Exercise objective: Once the line holding "Rowan branch sketch." is found, output it and all remaining lines of the data exactly, with every picture left out.

Task material:
————————

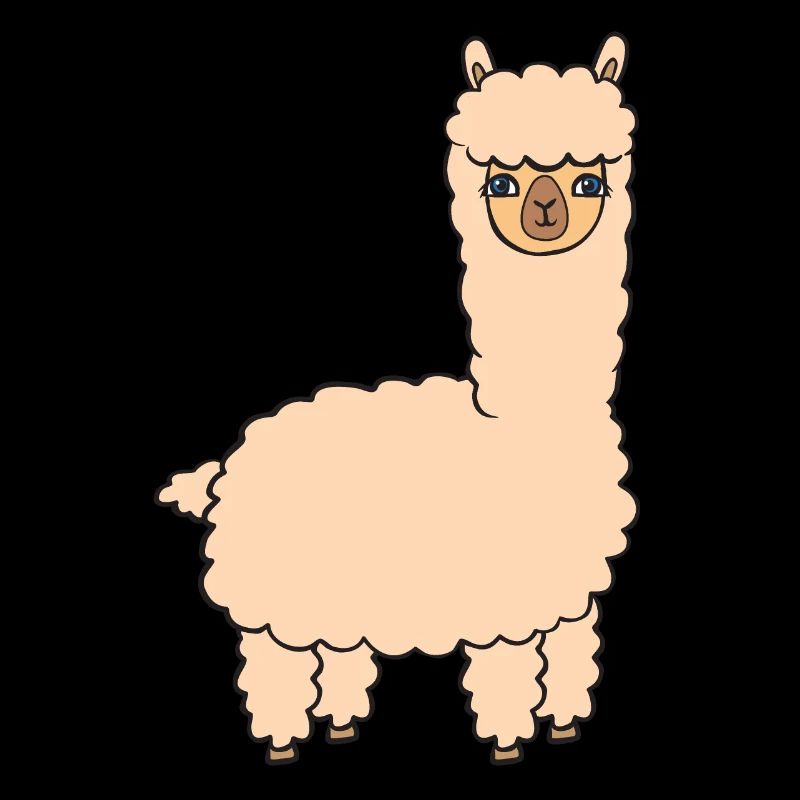 alpaca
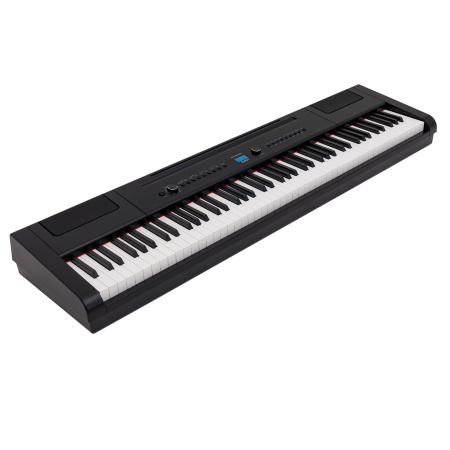 Rockdale Elegy Black по цене 34 900 ₽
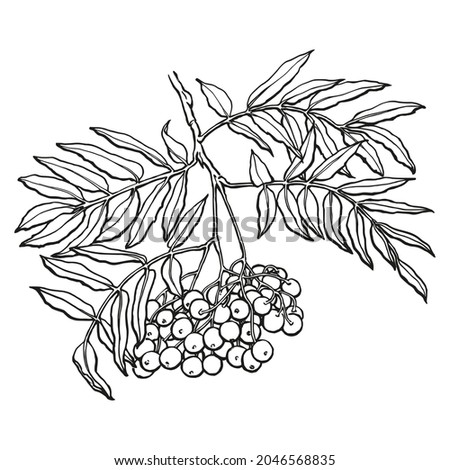 Rowan branch sketch. Outlines hand drawn in ink. Black and white drawing. Isolated image of tree branch. Royalty-Free Stock Photo #2046568835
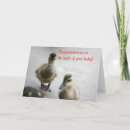 Recherche de canard vœux cartes Fille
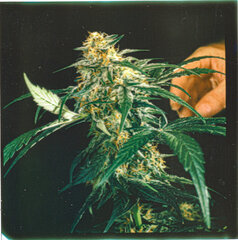 weed35.jpeg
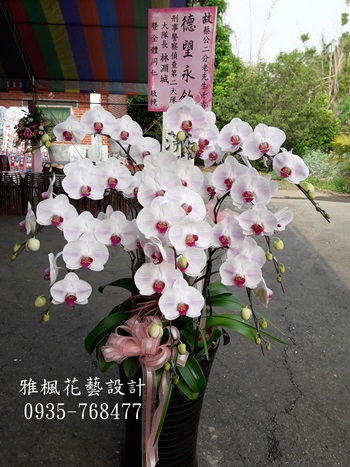 爺爺過世送蝴蝶蘭花盆栽彰化花店,彰化縣埔心鄉花店喪事蘭花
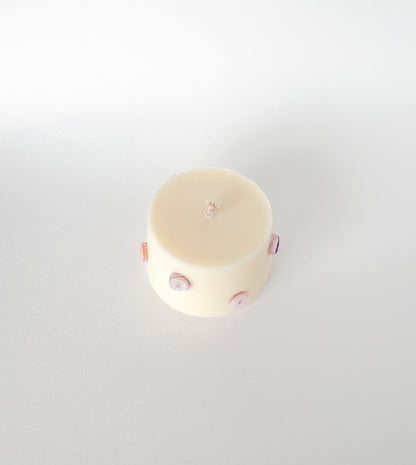 Shell Soy Candles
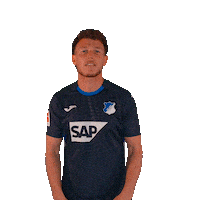 Dennis Geiger Sport Sticker by TSG Hoffenheim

————————

Solution for this exercise:
 Rowan branch sketch. Outlines hand drawn in ink. Black and white drawing. Isolated image of tree branch. Royalty-Free Stock Photo #2046568835
 Recherche de canard vœux cartes Fille
 weed35.jpeg
 爺爺過世送蝴蝶蘭花盆栽彰化花店,彰化縣埔心鄉花店喪事蘭花
 Shell Soy Candles
 Dennis Geiger Sport Sticker by TSG Hoffenheim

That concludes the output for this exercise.